Running an ECommerce business is not all rainbows and unicorns. There are
challenges unique to this business model -- knowing them will help you navigate
the choppy waters and avoid common pitfalls:

1. Lack Of Personal Touch

Some consumers value the personal touch they get from visiting a physical store
and interacting with sales associates. Such personal touch is particularly important
for businesses selling high-end products as customers not only want to buy the
merchandise but also have a great experience during the process.

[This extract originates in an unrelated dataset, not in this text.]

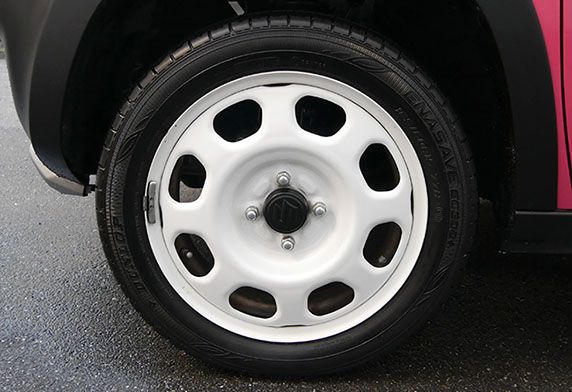 Làm Bóng Chi Tiết Da, Nhựa, Cao Su Nội Thất Xe Ô tô Và Làm Bóng Lốp Xe Ô tô  - Leather & Tire Wax | Soft99 - Made in Japan | L-29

2. Lack Of Tactile Experience

No matter how well a video is made, consumers still can't touch and feel a product.
Not to mention, it's not an easy feat to deliver a brand experience, which could
often include the sense of touch, smell, taste, and sound, through the two-
dimensionality of a screen.

3. Price And Product Comparison

With online shopping, consumers can compare many products and find the lowest
price. This forces many merchants to compete on price and reduce their profit
margin.

4. Need For Internet Access

This is pretty obvious, but don't forget that your customers do need Internet access
before they can purchase from you! Since many ECommerce platforms have
features and functionalities that require high-speed Internet access for an optimal
customer experience, there's a chance you're excluding visitors who have slow
connections.

5. Credit Card Fraud


Credit card fraud is a real and growing problem for online businesses. It can lead
to chargebacks that result in the loss of revenue, penalties, and bad reputation.

6. IT Security Issues

More and more businesses and organizations have fallen prey to malicious hackers
who have stolen customer information from their database. Not only could this
have legal and financial implications but also lessen the trust customers have in the
company.

7. All the Eggs In One Basket

ECommerce businesses rely heavily (or solely) on their websites. Even just a few
minutes of downtime or technology hiccups can cause a substantial loss of revenue
and customer dissatisfaction.

8. Complexity In Taxation, Regulations, and Compliance

If an online business sells to customers in different territories, they'll have to


adhere to regulations not only in their own states/countries but also in their
customers' place of residence. This could create a lot of complexities in
accounting, compliance, and taxation.